Investors: “The market feels risky right now. I’ll just park my money in this high-yield savings account earning 5% and wait for the dust to settle.”
Stock market: LOL
A cruel irony of investing is that when you seek shelter, you’ll likely overestimate the probability of a storm. That’s exactly what we’ve seen since the October low, with $900 billion moving into money market funds from that time.
One of the most important things for investors to learn is that the bad news that you fear can come to fruition, but it’s likely that at some point, the market will have fully discounted whatever eventually comes to pass. That’s not exactly what happened this time around, but close enough.

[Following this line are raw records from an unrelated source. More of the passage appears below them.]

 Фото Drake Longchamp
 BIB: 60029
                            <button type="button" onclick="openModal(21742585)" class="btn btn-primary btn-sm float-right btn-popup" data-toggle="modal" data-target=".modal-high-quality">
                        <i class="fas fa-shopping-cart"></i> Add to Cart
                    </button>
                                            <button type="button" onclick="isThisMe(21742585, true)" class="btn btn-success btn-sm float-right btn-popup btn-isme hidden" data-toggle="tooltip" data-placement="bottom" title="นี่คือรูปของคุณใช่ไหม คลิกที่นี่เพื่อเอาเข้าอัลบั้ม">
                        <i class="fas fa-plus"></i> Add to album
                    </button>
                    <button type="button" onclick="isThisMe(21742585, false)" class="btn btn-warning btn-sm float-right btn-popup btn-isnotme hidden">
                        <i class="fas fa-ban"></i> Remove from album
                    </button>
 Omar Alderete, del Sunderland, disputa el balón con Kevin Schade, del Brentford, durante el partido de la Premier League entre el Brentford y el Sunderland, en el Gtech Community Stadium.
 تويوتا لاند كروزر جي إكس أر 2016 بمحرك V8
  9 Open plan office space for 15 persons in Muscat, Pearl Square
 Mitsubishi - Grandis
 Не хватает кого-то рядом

The Fed aggressively raised rates to slow rising prices. The thinking behind this is that increasing the cost of capital should slow down the economy. Those actions should lead to lower earnings per share. Earnings drive stocks, and therefore, the market fell precipitously.
When the market falls because an agreed-upon set of circumstances is expected to worsen, in this case, higher rates leading to a recession, the collective group tends to overreact. The impossible thing about this is that you don’t know when enough is enough. That day, inexplicably, was October 13, 2022, when CPI came in way hotter than expected.

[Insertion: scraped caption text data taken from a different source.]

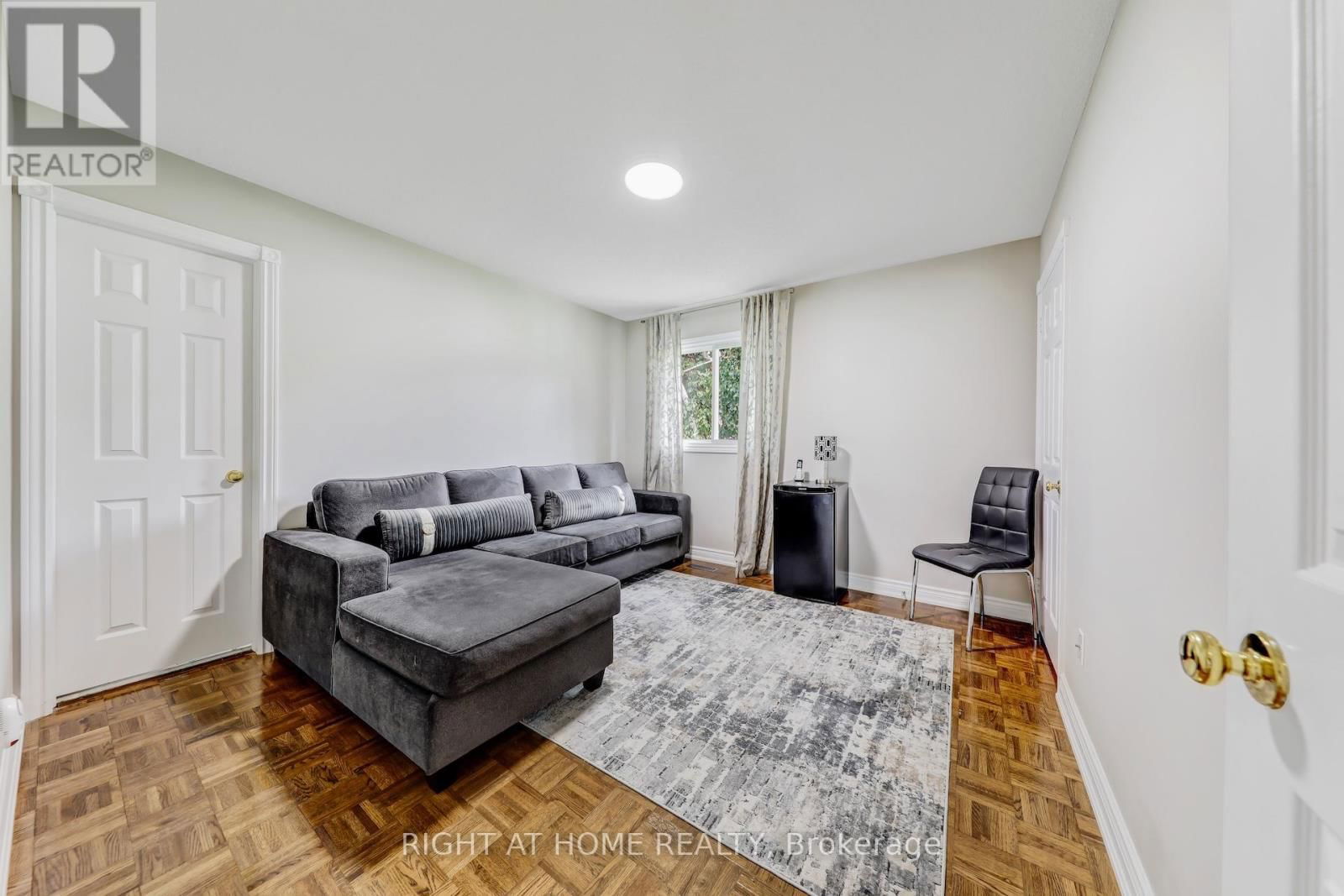 20 WOBURN DRIVE Image 31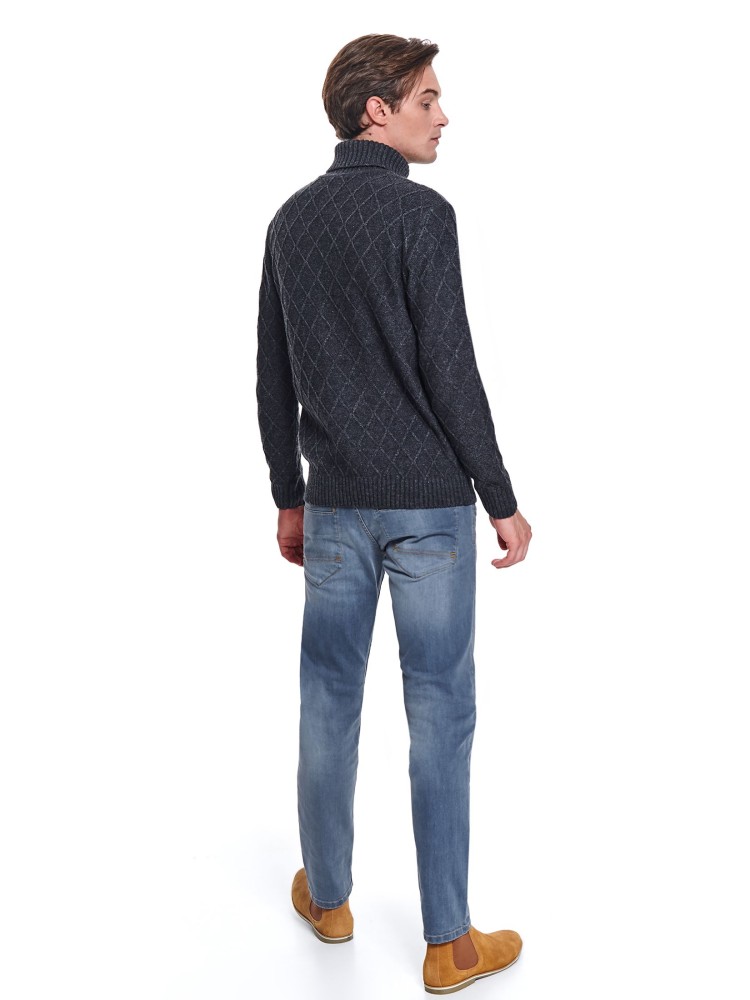 Golf z wysoką stójką i przeplotami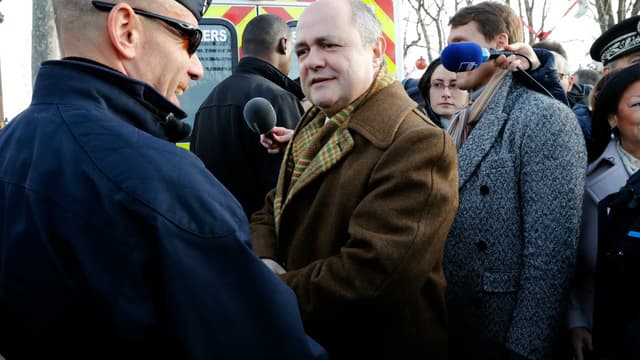 Bruno Le Roux au marché de Noël des Champs-Elysées, le 11 décembre 2016.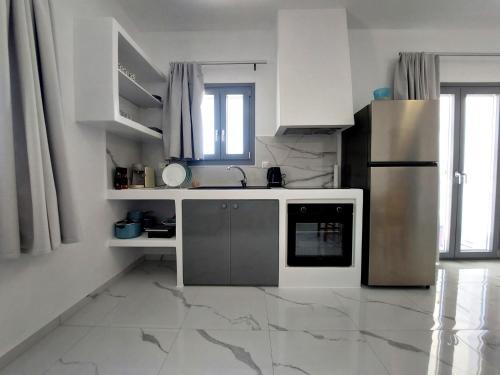 Кухня или мини-кухня в Cledari Plaka Appartments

Inflation was running at 8.2% year over year, and 0.4% month over month. At the time, the Fed had already raised rates five times, with three consecutive hikes of 75 basis points. And they wouldn’t stop until their job was done.

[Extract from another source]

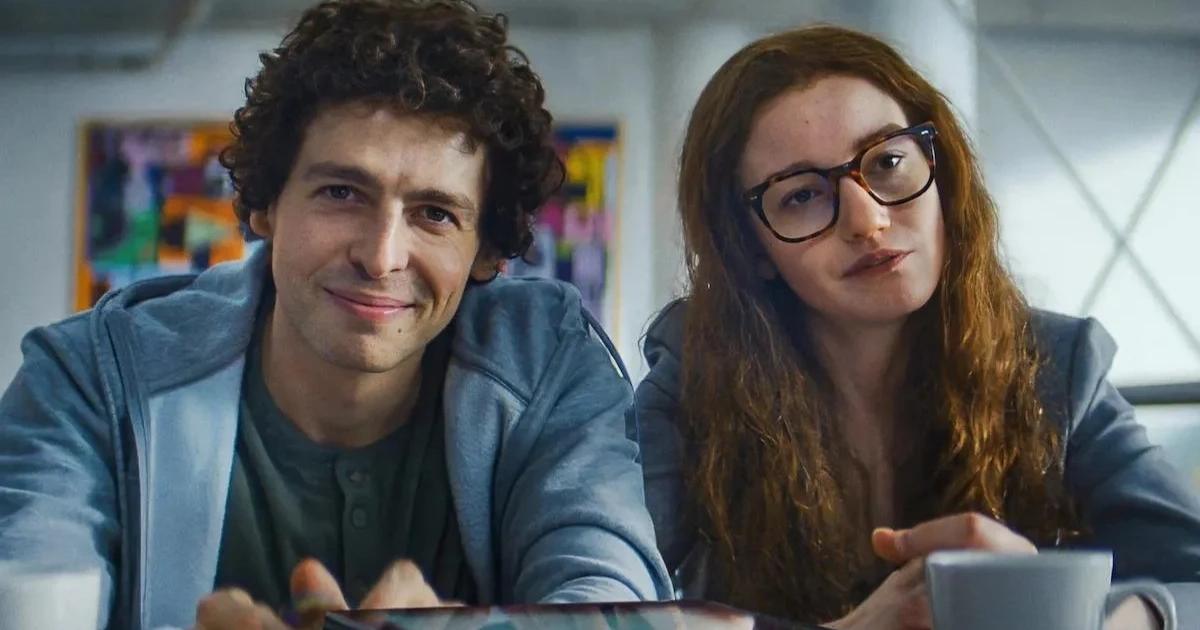 痛批Netflix把80億鎂騙局拍成愛情故事，前FTX營運長看《鑲金理想》預告直言反胃｜Netflix 正式公開 FTX 題材影集《鑲金理想》完整預告，將交易所崩盤事件搬上螢幕並聚焦兩位創辦人的私人感情。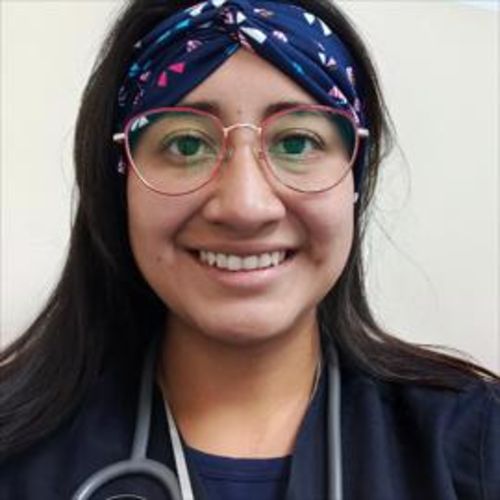 Stephanie Dayana Sigcho Garrido, Médico General en Quito | Agenda una cita online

Initially, the stock market didn’t like this news, gapping down 1.5% at the open, sitting 27% below its peak from earlier in the year. There was no reason to think that was the bottom, considering that the tightening had yet to impact the broader economy. If stocks were down this much when things were okay, what would happen if the economy actually weakened?
And then, just like that, somebody turned off the selling and the sun came out. The market closed up 2.5% on the session. And that was the bottom.
The S&P 500 is up 24% since the bottom. The Nasdaq-100 is up 42%. They’re both less than 5% away from an all-time high. I didn’t expect this. I don’t think anybody did. And all while you can get 5% risk-free in a money market fund.
The market has no mercy. It almost never does what you think it’s going to do. You have to let go of the illusion that you can outsmart it.
Every time the market either rises or falls more than you think it can, that should be a reminder that you need to have a game plan. Relying on your intuition is setting yourself up for disaster.